**Records for the task:**
◆ ◆ ◆ ◆

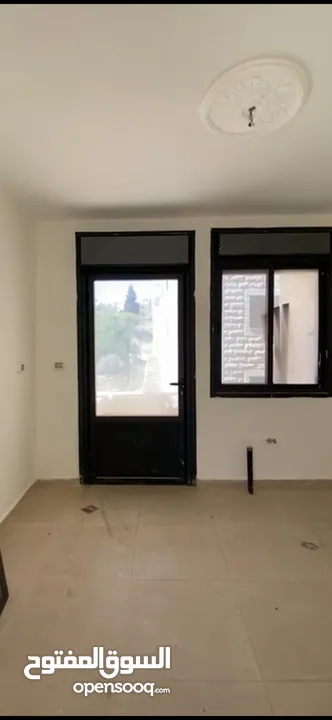 شقة قريبة من جامعة بير زيت 900 متر فقط عن الجامعة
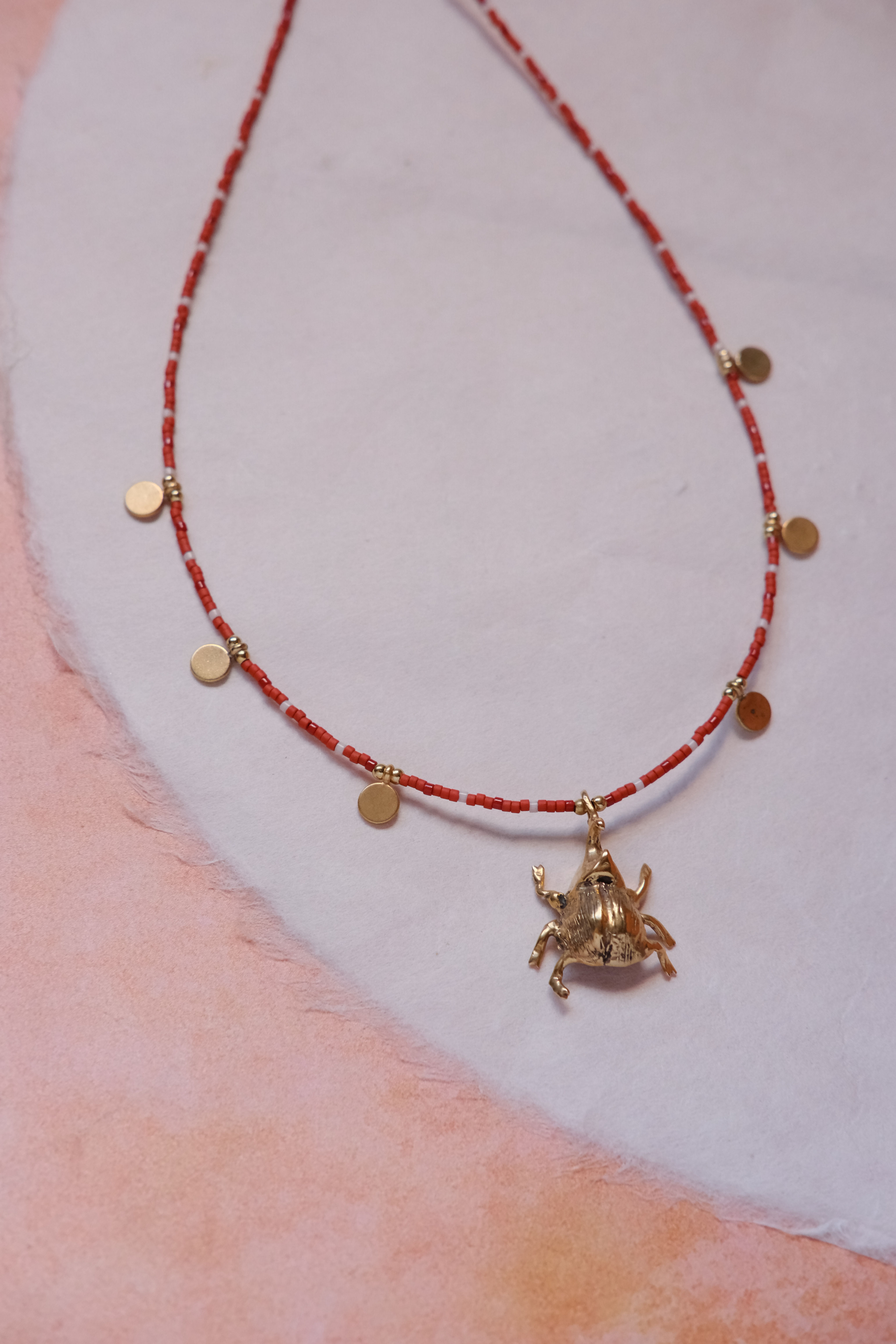 Collar escarabajo de colores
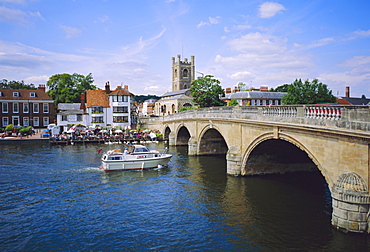 Henley on Thames, Bridge and River Boat, Oxfordshire, England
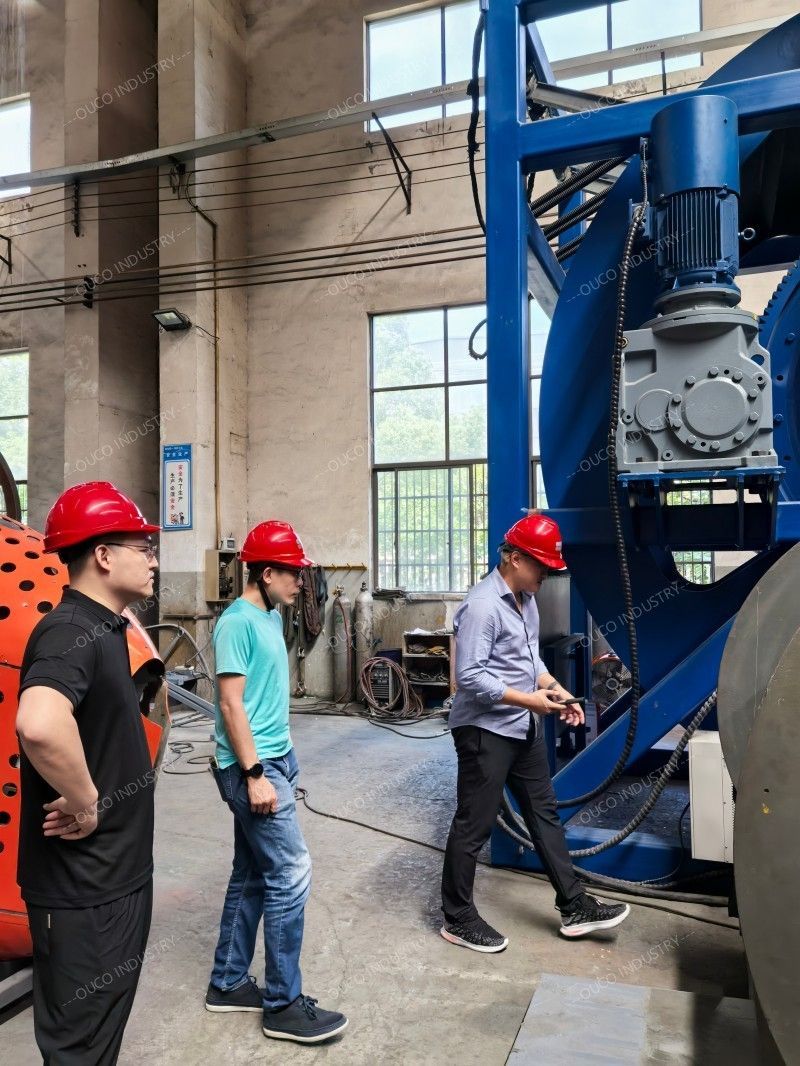 UK Marine Equipment Recycling Company Visits OUCO Factory! (6)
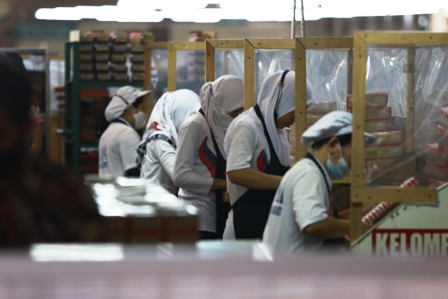 Ilustrasi : Disnaker baru bisa bekerja sama dengan dua perusahaan skala besar sebagai upaya penanganan pengangguran. (DOKUMEN/JAWA POS RADAR CARUBAN)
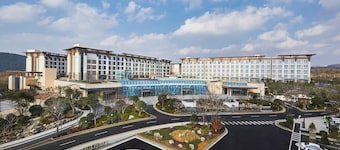 Landing Jeju Shinhwa World Hotels & Resorts
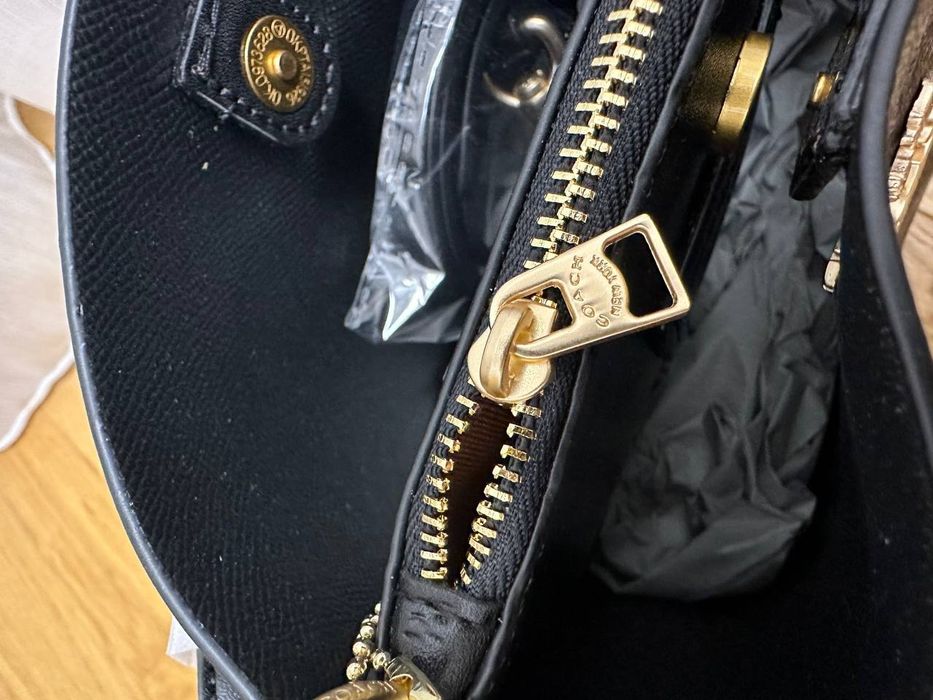 Сумка коуч Coach (світла лишилась)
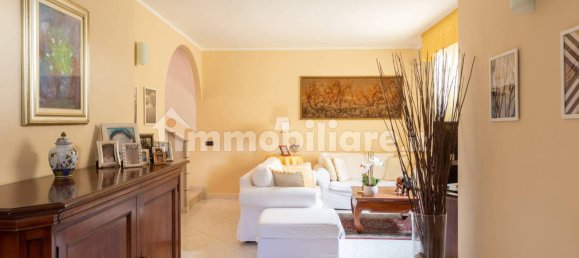 2 bedrooms Villa in Bollate, Italy No. 16842 2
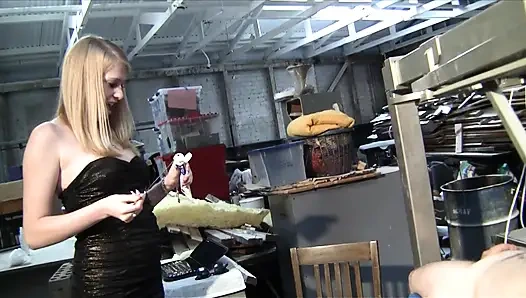 Komutaya boşal! Edepsiz köleler acıtsa bile istenen her şeyi yapmak zorunda!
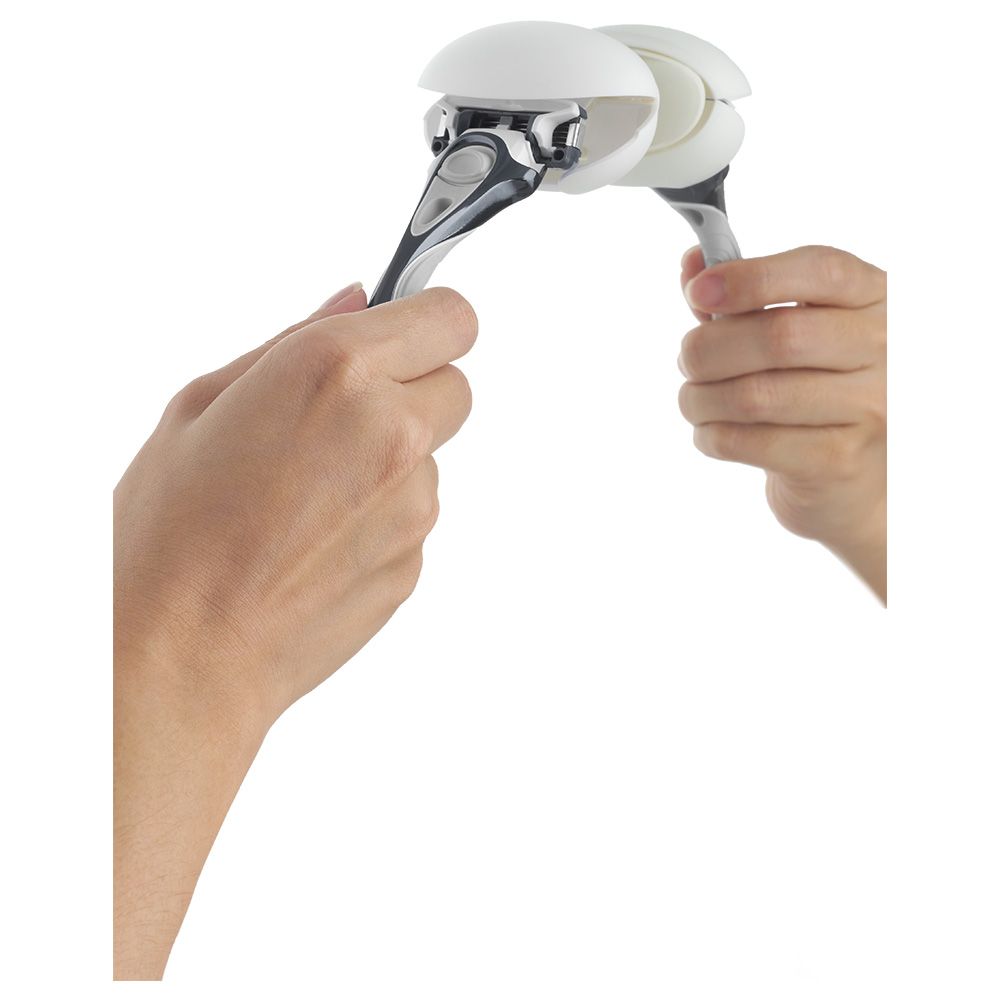 Flipper - Mizo Hygienic Razor Cover W/ Suction Cups - White 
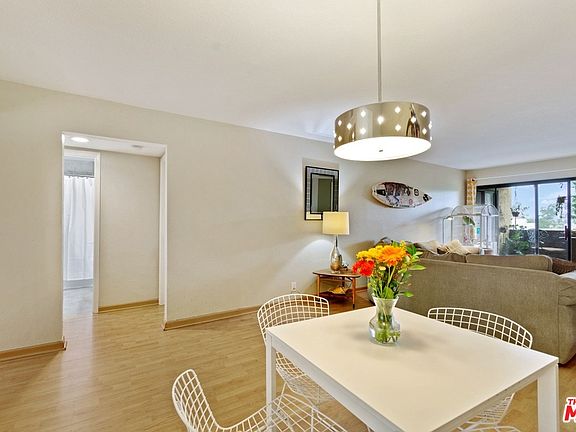 2nd image of 2501 Temple Ave Unit 105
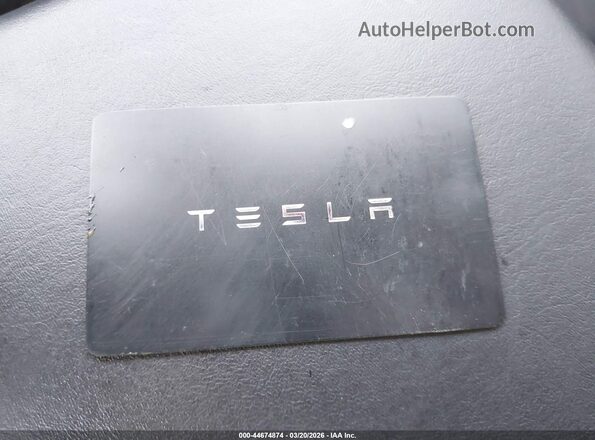 5YJYGDEE5LF035052 2020 TESLA MODEL Y Красный Вид панели приборов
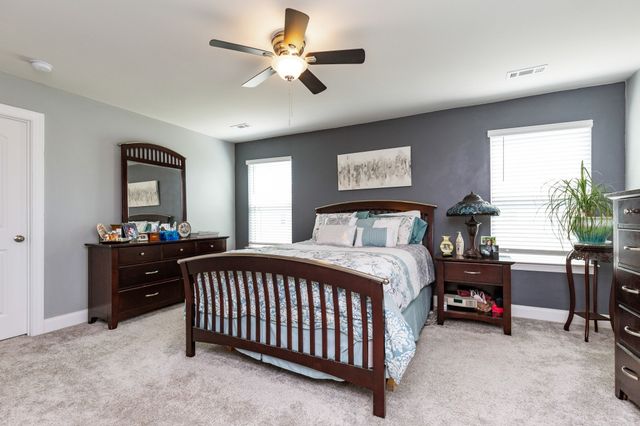 1210 West End Station Dr, Lebanon, TN 37087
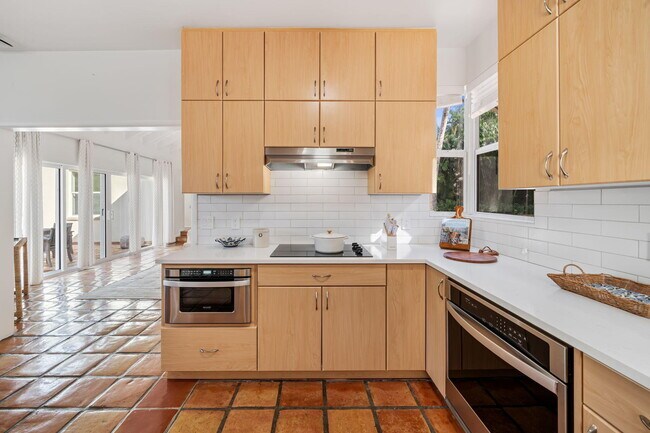 Building Photo - 49 River Dr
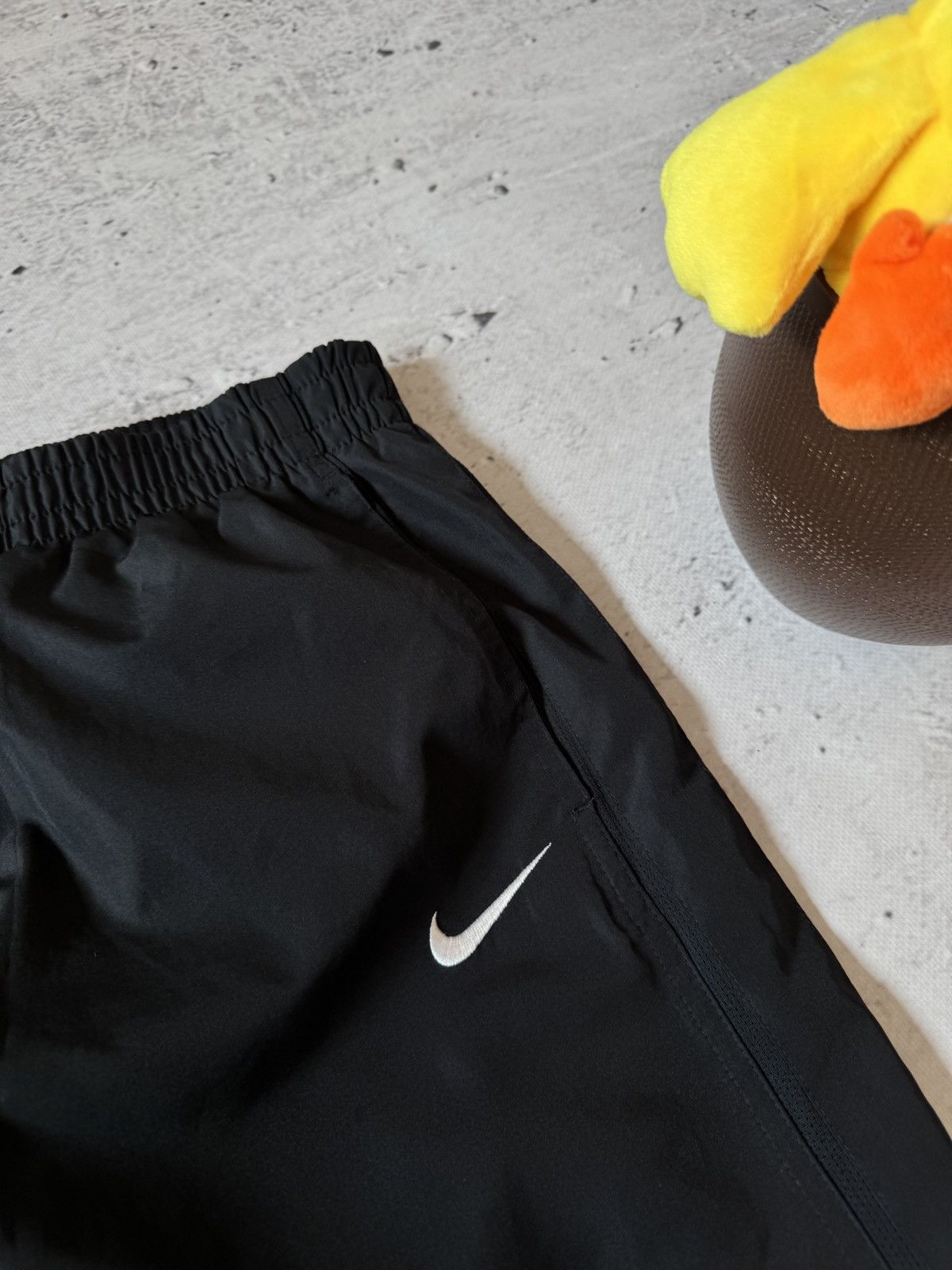 Nike × Vintage NIKE NYLON VINTAGE Y2K OVERSIZE BAGGY FIT PANTS SWEATPANTS Size US 32 / EU 48 - 5 Thumbnail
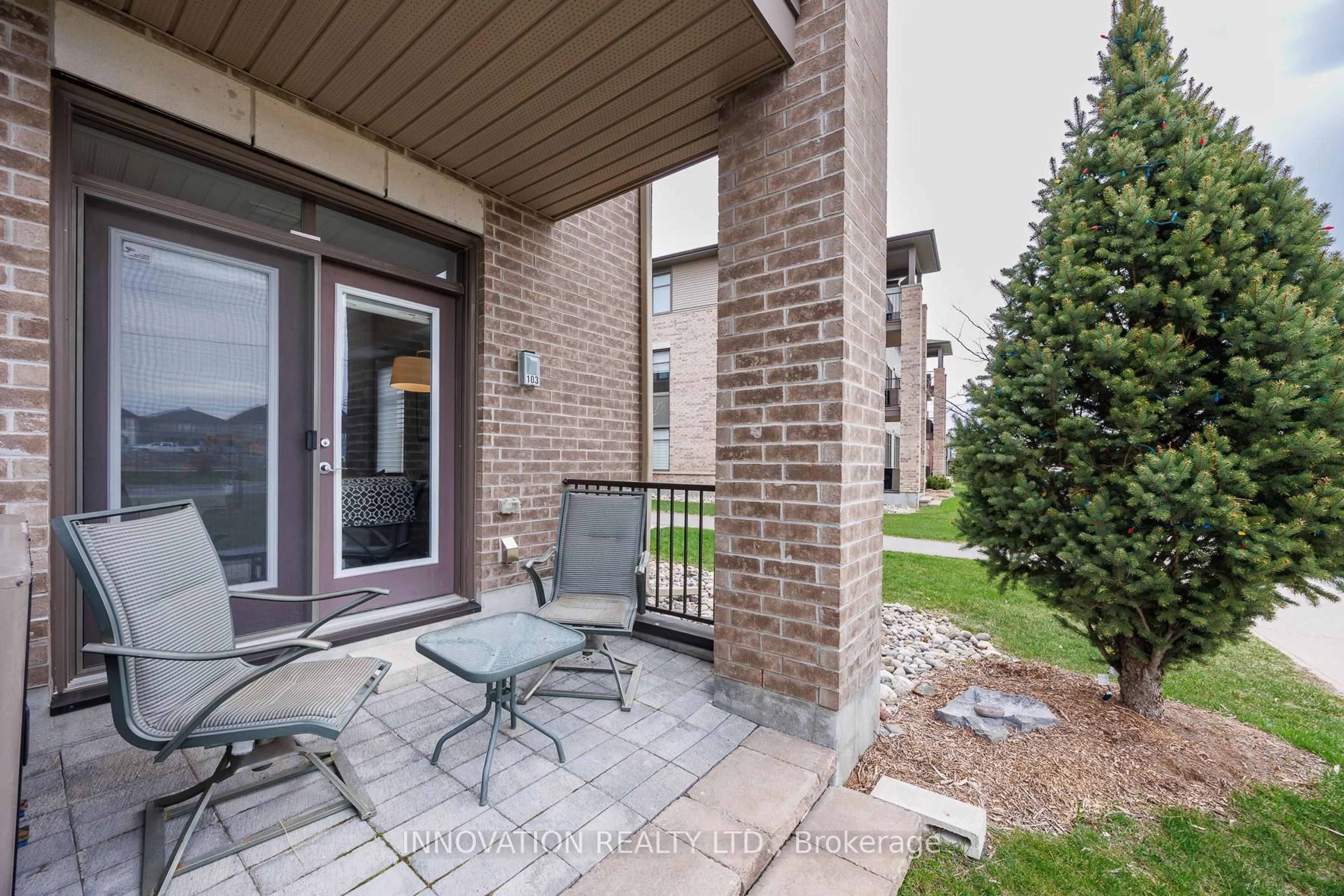 Patio, street for 320 Jatoba N/A #103, Ottawa Ontario K2V 0E7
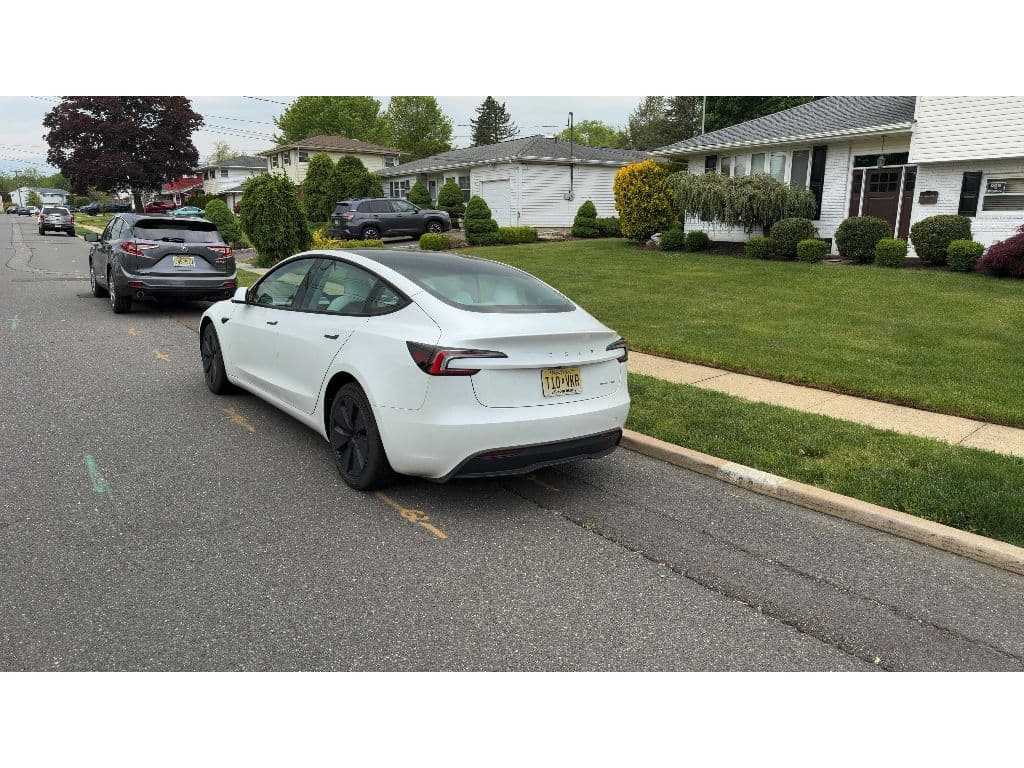 2025 Tesla Model 3 view 4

◆ ◆ ◆ ◆

**Work to complete:**
In transcribing the records, omit the pictures and keep everything else exactly as it appears.

**Answer below:**
 شقة قريبة من جامعة بير زيت 900 متر فقط عن الجامعة
 Collar escarabajo de colores
 Henley on Thames, Bridge and River Boat, Oxfordshire, England
 UK Marine Equipment Recycling Company Visits OUCO Factory! (6)
 Ilustrasi : Disnaker baru bisa bekerja sama dengan dua perusahaan skala besar sebagai upaya penanganan pengangguran. (DOKUMEN/JAWA POS RADAR CARUBAN)
 Landing Jeju Shinhwa World Hotels & Resorts
 Сумка коуч Coach (світла лишилась)
 2 bedrooms Villa in Bollate, Italy No. 16842 2
 Komutaya boşal! Edepsiz köleler acıtsa bile istenen her şeyi yapmak zorunda!
 Flipper - Mizo Hygienic Razor Cover W/ Suction Cups - White 
 2nd image of 2501 Temple Ave Unit 105
 5YJYGDEE5LF035052 2020 TESLA MODEL Y Красный Вид панели приборов
 1210 West End Station Dr, Lebanon, TN 37087
 Building Photo - 49 River Dr
 Nike × Vintage NIKE NYLON VINTAGE Y2K OVERSIZE BAGGY FIT PANTS SWEATPANTS Size US 32 / EU 48 - 5 Thumbnail
 Patio, street for 320 Jatoba N/A #103, Ottawa Ontario K2V 0E7
 2025 Tesla Model 3 view 4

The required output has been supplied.